Por este motivo, las visiones unilaterales del Espíritu ―tanto las sustentadas por las religiones patriarcales como por las religiones matriarcales― han abocado a desastres históricos semejantes, desde el brutal sacrificio humano a gran escala para propiciar la fertilidad de la Diosa Tierra hasta la guerra santa en nombre del Dios Padre. Pero, en el mismo núcleo de estas distorsiones, la filosofía perenne (el núcleo esotérico común a todas las grandes religiones) ha evitado siempre caer en la dualidad ―Cielo o Tierra, masculino o femenino, infinito o finito, ascético o exuberante― y se ha centrado, en su lugar, en su unión o integración («adualismo»). Esta unión entre el Cielo y la Tierra, entre lo masculino y lo femenino, entre lo infinito y lo finito, entre el ascenso y el descenso y entre la sabiduría y la compasión, en suma, resulta evidente en las enseñanzas «tántricas» de las diversas tradiciones de sabiduría (desde el neoplatonismo occidental hasta el budismo Vajrayana oriental). Y es precisamente a ese núcleo no dual de las tradiciones de sabiduría al que se aplica el término «filosofía perenne».

El hecho es que, si queremos pensar en el Espíritu en términos mentales (lo cual, ineludiblemente, comporta ciertos problemas), no deberíamos olvidar esta paradoja (trascendente/inmanente). Porque la paradoja es la forma en que lo no dual se manifiesta en el nivel mental. El Espíritu, en sí mismo, no es paradójico; estrictamente hablando, no es caracterizable en modo alguno.

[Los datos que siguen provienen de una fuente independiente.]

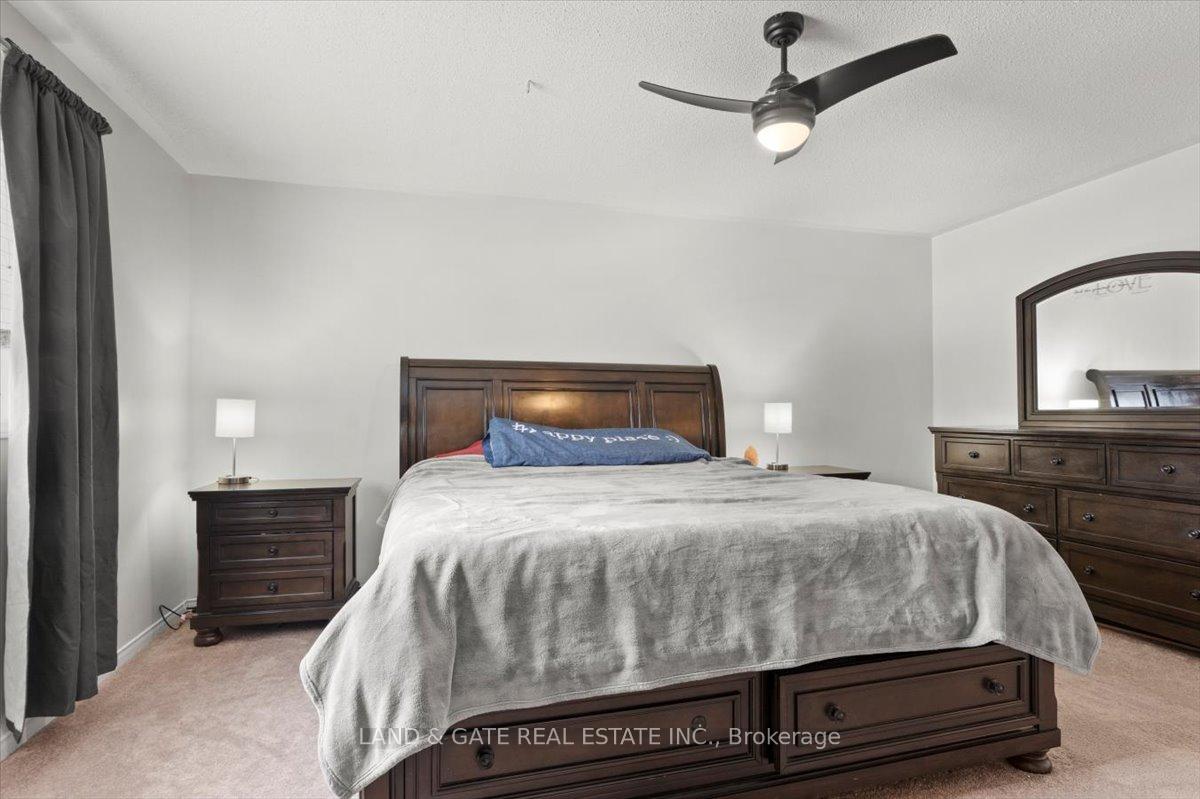 Photo 18 of 993 Mountview Court, Oshawa, Pinecrest — HOMEH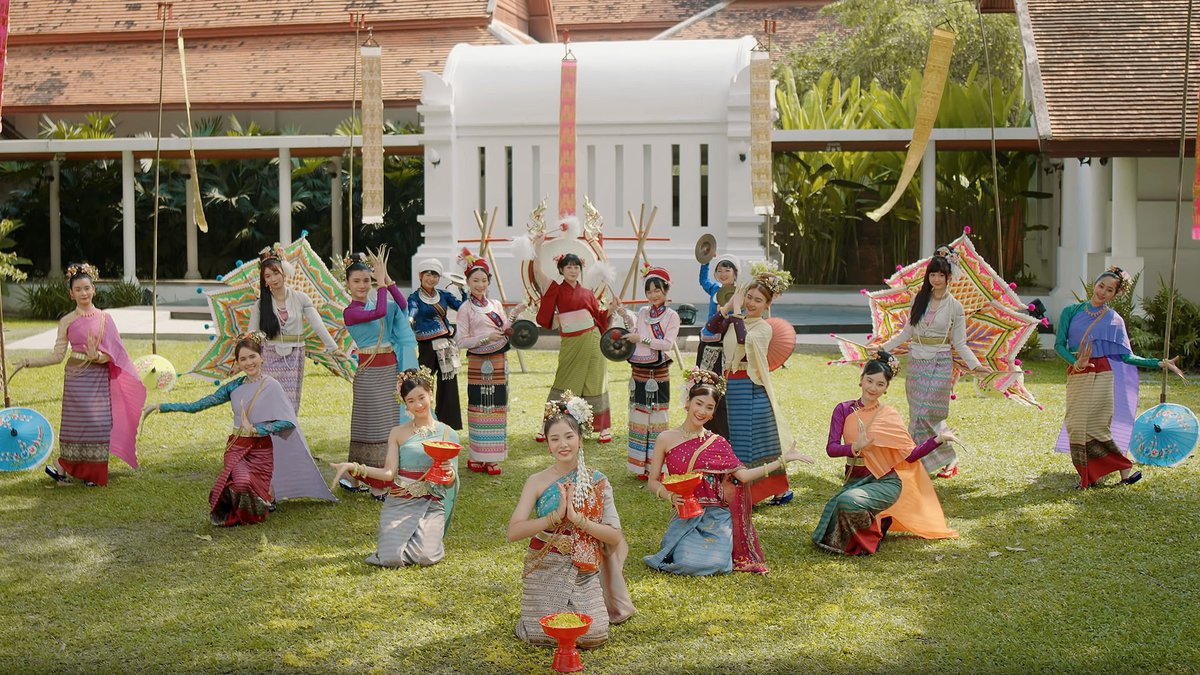 colourfung's tweet image. กระทรวงวัฒนธรรม ททท. หน่วยงานใดๆ ของเชียงใหม่หรือของประเทศควรมาหา CGM48 แล้วนะ คุณแทบไม่ต้องทำอะไรเลยขอแค่โปรโมทให้เรา เรามีให้ครบแทบทุกด้านของเชียงใหม่ ของภาคเหนือด้วยซ้ำ ของขายกู้ดต่างๆ ก็เมืองเหนือมาก จะเอาแบบไหนเพลงแปลหรือเพลงออริ มาเหอะพี่เด็กๆ แทบจะทอผ้าใช้เองแล้ว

Y esto resulta aplicable de manera doble a la jerarquía (holoarquía). Ya hemos señalado que, cuando el Espíritu trascendente se manifiesta, lo hace en estadios o niveles (la Gran Holoarquía del Ser) y con ello no queremos afirmar que el Espíritu ―o la Realidad―, en si misma, sea jerárquica sino que la Realidad, el Espíritu Absoluto, no es jerárquico, es sunyata, es nirguna, es apofática, es, en fin, incalificable en términos mentales (holones inferiores). Pero la Realidad se manifiesta en estadios, estratos, dimensiones, envolturas, niveles o grados ―elija el término que prefiera― diferentes… y eso es precisamente la holoarquía. En el Vedanta, se trata de las koshas (las envolturas o capas que recubren a Brahman); en el budismo son los ocho vijnanas, los ocho niveles de conciencia (cada uno de los cuales constituye un estadio inferior ―y, en consecuencia, más limitado― de la dimensión superior); en la Cábala se trata de los sefirots, etcétera.

Estos son los niveles del mundo manifiesto, los niveles de maya. Cuando no reconocemos a maya como el despliegue lúdico de lo Divino, no existe más que ilusión. Jerarquía es ilusión. Hay niveles de ilusión, no niveles de realidad. Pero según afirman las mismas tradiciones, sólo a través de la comprensión de la naturaleza jerárquica del samsara podremos llegar a desembarazamos de ella, como si la escalera sólo pudiera ser desechada después de haber cumplido su extraordinario cometido.